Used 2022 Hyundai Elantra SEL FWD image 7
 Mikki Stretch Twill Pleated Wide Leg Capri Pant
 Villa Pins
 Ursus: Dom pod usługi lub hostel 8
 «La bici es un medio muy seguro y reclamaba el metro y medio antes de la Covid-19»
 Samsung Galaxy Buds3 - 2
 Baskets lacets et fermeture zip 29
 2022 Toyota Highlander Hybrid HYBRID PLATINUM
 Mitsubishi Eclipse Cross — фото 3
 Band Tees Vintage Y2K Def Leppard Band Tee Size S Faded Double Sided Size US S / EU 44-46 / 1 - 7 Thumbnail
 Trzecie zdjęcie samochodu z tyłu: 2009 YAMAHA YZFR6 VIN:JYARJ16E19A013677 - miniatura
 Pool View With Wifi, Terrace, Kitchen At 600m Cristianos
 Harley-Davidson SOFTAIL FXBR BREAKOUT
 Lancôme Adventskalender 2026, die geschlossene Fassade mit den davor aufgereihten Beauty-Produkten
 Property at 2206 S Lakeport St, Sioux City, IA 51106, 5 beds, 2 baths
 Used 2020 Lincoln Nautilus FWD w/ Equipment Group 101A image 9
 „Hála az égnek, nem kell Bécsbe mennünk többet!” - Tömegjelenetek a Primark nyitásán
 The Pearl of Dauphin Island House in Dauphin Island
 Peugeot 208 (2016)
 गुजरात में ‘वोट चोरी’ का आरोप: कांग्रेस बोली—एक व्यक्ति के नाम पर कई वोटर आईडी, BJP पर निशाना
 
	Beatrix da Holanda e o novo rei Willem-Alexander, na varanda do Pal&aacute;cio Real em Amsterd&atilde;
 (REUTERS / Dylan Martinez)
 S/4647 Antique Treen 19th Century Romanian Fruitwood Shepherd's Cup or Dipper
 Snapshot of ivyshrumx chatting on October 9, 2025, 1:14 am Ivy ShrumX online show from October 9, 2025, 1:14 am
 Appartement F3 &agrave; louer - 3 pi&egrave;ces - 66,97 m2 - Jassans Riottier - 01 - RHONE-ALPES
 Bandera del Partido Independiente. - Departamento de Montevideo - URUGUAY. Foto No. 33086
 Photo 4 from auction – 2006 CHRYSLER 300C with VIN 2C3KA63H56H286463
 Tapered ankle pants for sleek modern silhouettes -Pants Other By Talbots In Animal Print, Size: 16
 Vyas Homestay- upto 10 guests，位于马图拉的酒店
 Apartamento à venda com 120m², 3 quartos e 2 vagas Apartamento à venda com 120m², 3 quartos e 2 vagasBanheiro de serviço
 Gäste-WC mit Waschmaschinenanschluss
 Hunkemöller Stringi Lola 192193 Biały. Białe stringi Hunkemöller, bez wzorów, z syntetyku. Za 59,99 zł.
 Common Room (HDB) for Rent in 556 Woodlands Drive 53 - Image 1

_____

• Problem to work on:
Output the lines above between the one holding "Pool View With" and the one holding "Gäste-WC mit Waschmaschinenanschluss", inclusive, with nothing before or after them.

• Answer for the task:
 Pool View With Wifi, Terrace, Kitchen At 600m Cristianos
 Harley-Davidson SOFTAIL FXBR BREAKOUT
 Lancôme Adventskalender 2026, die geschlossene Fassade mit den davor aufgereihten Beauty-Produkten
 Property at 2206 S Lakeport St, Sioux City, IA 51106, 5 beds, 2 baths
 Used 2020 Lincoln Nautilus FWD w/ Equipment Group 101A image 9
 „Hála az égnek, nem kell Bécsbe mennünk többet!” - Tömegjelenetek a Primark nyitásán
 The Pearl of Dauphin Island House in Dauphin Island
 Peugeot 208 (2016)
 गुजरात में ‘वोट चोरी’ का आरोप: कांग्रेस बोली—एक व्यक्ति के नाम पर कई वोटर आईडी, BJP पर निशाना
 
	Beatrix da Holanda e o novo rei Willem-Alexander, na varanda do Pal&aacute;cio Real em Amsterd&atilde;
 (REUTERS / Dylan Martinez)
 S/4647 Antique Treen 19th Century Romanian Fruitwood Shepherd's Cup or Dipper
 Snapshot of ivyshrumx chatting on October 9, 2025, 1:14 am Ivy ShrumX online show from October 9, 2025, 1:14 am
 Appartement F3 &agrave; louer - 3 pi&egrave;ces - 66,97 m2 - Jassans Riottier - 01 - RHONE-ALPES
 Bandera del Partido Independiente. - Departamento de Montevideo - URUGUAY. Foto No. 33086
 Photo 4 from auction – 2006 CHRYSLER 300C with VIN 2C3KA63H56H286463
 Tapered ankle pants for sleek modern silhouettes -Pants Other By Talbots In Animal Print, Size: 16
 Vyas Homestay- upto 10 guests，位于马图拉的酒店
 Apartamento à venda com 120m², 3 quartos e 2 vagas Apartamento à venda com 120m², 3 quartos e 2 vagasBanheiro de serviço
 Gäste-WC mit Waschmaschinenanschluss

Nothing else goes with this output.